● Exercise details: Give back the records below exactly, every one, with no pictures.

● Extracted information:
____________

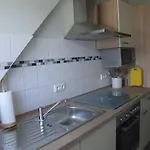 Gaestehaus Margareth בית הארחה 4*
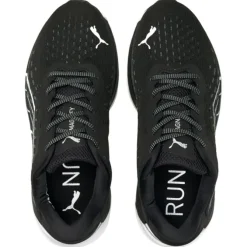 Puma Magnify Nitro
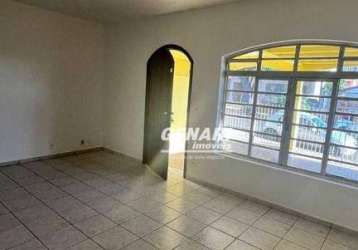 Casa com 3 dormitórios para alugar, 1 m² por r$ 3.105,94/mês - jardim pau preto - indaiatuba/sp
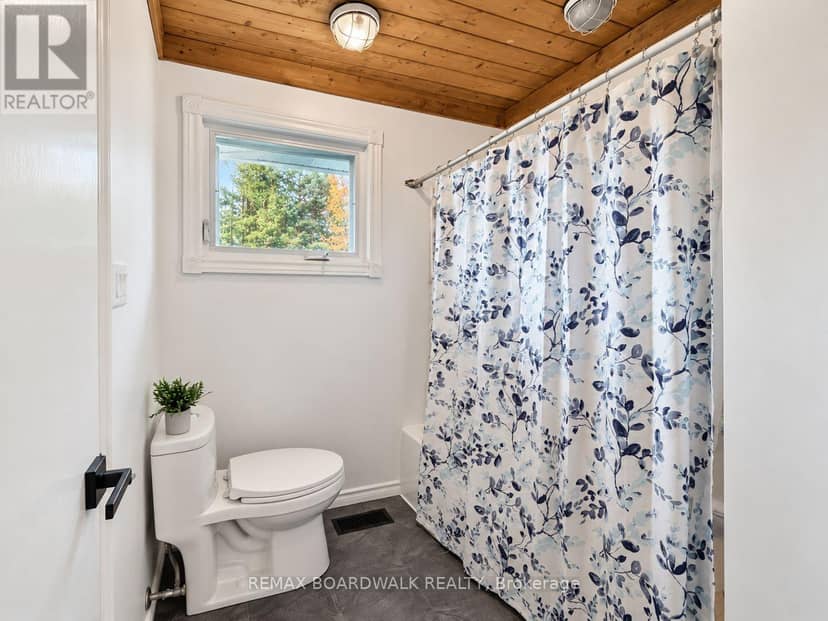 201 Linda Loop — photo 22 of 40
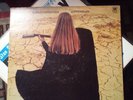 2 Shawn Phillips - Second Contribution  / Faces -  SIGNED - 2 LPs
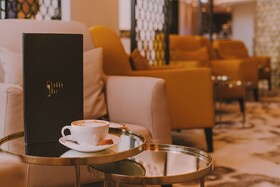 Radisson Blu Resort Swinoujscie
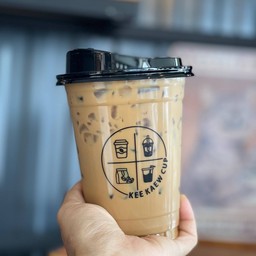 ชาไต้หวัน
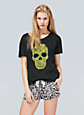 MOTT T-SHIRT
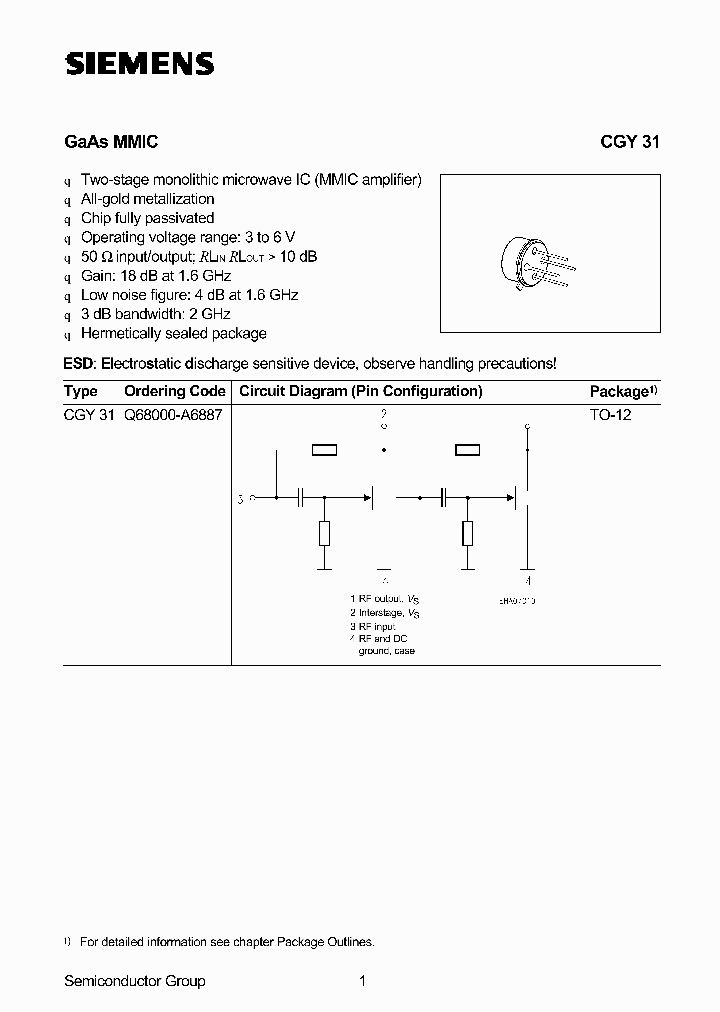 Q68000-A6887_408353.PDF Datasheet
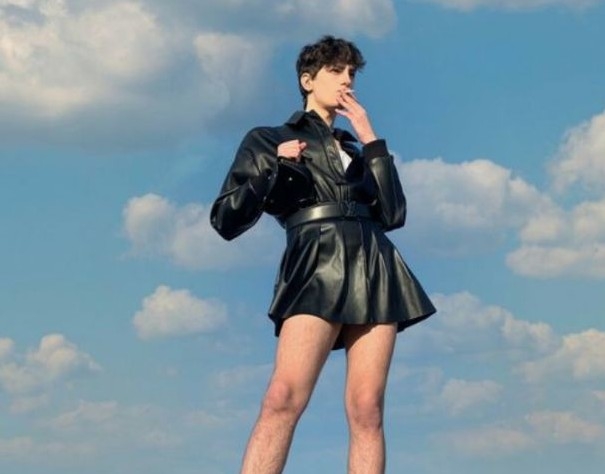 Femboy là gì 6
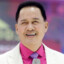 Pastor Apollo Quiboloy (KOJC)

____________

● Exercise answer:
 Gaestehaus Margareth בית הארחה 4*
 Puma Magnify Nitro
 Casa com 3 dormitórios para alugar, 1 m² por r$ 3.105,94/mês - jardim pau preto - indaiatuba/sp
 201 Linda Loop — photo 22 of 40
 2 Shawn Phillips - Second Contribution  / Faces -  SIGNED - 2 LPs
 Radisson Blu Resort Swinoujscie
 ชาไต้หวัน
 MOTT T-SHIRT
 Q68000-A6887_408353.PDF Datasheet
 Femboy là gì 6
 Pastor Apollo Quiboloy (KOJC)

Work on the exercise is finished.